Nada justifica separar da mãe uma criança de 11 anos, vítima de estupro. Não há fundamento para que a Justiça tenha mandado a menina para um abrigo e negado o direito ao aborto. A única explicação para a atrocidade que aconteceu em Santa Catarina nesta semana é o legado deixado pela ex-ministra da Mulher, da Família e dos Direitos Humanos, Damares Alves.
O caso revelado pelo Intercept mostra que o filme de terror que já havia começado pela violência sexual ganhou crueldade. O hospital negou o procedimento, a promotora Mirella Dutra Alberton pediu que a menina fosse para uma instituição, medida acatada pela juíza Joana Ribeiro Zimmer, que ressaltou a importância de "proteger o bebê".
Já vimos esse filme. Em 2020, reportagem da Folha mostrou que a então ministra agiu nos bastidores para impedir que uma capixaba de 10 anos fosse submetida a um aborto. O nome da criança foi vazado, os responsáveis, achacados, perseguidos, ameaçados. Como a história do Espírito Santo, a de Santa Catarina ganhou repercussão e deixa evidente que a ação de Damares validou que autoridades atropelem o Estado de Direito por crenças pessoais. Duvido que sejam casos isolados.
A juíza Joana Ribeiro Zimmer protagonizou uma das cenas mais grotescas da história do país.
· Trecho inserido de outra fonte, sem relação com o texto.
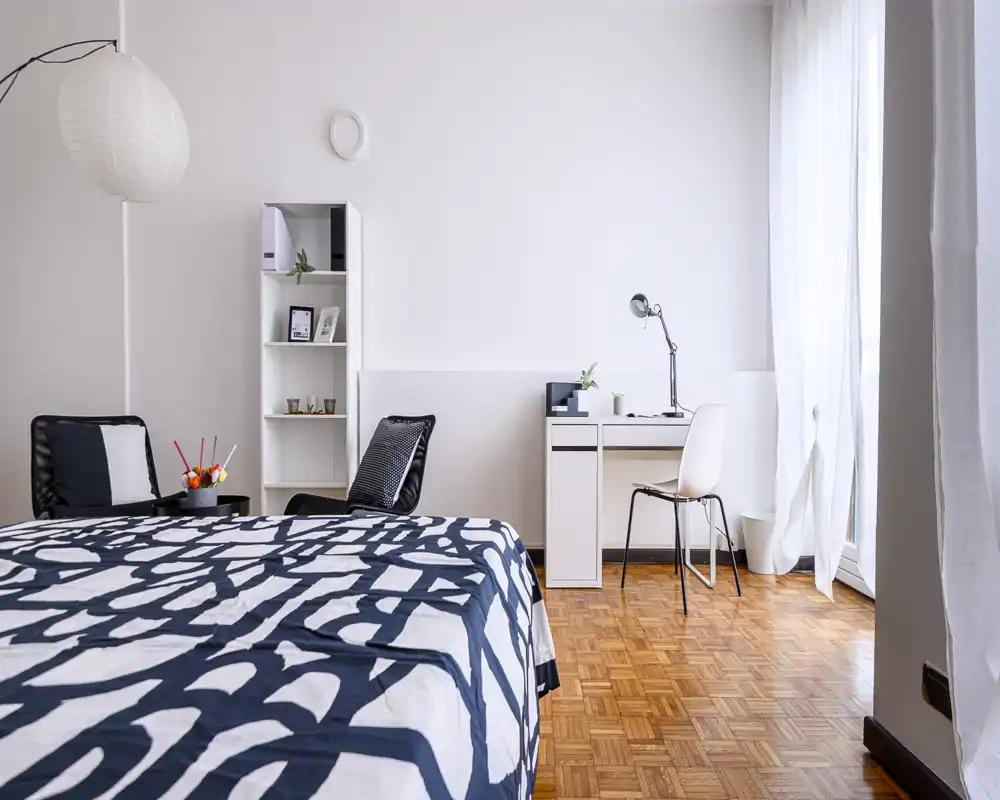 Camera da letto luminosa e moderna con letto matrimoniale dal copriletto a motivo, scrivania vicino alla finestra e arredi essenziali e di design, perfetta per un annuncio.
Na audiência com a criança, perguntou se ela queria escolher o nome do bebê, tratou o estuprador como "pai", pressionou a menina a aguentar "mais um pouquinho" a gestação para que ela não visse o "bebê" ser tirado de sua barriga e ficasse agonizando até morrer. Isso é tortura psicológica.
O que aconteceu com a juíza? Foi transferida. O que vai acontecer com essa criança? Teve a vida destruída pela caneta do Estado, empunhada por gente que adota o "método Damares" para cometer injustiças porque acredita que o país deveria ser uma teocracia. Se você viu "O Conto de Aia", digo uma coisa: not under my eyes.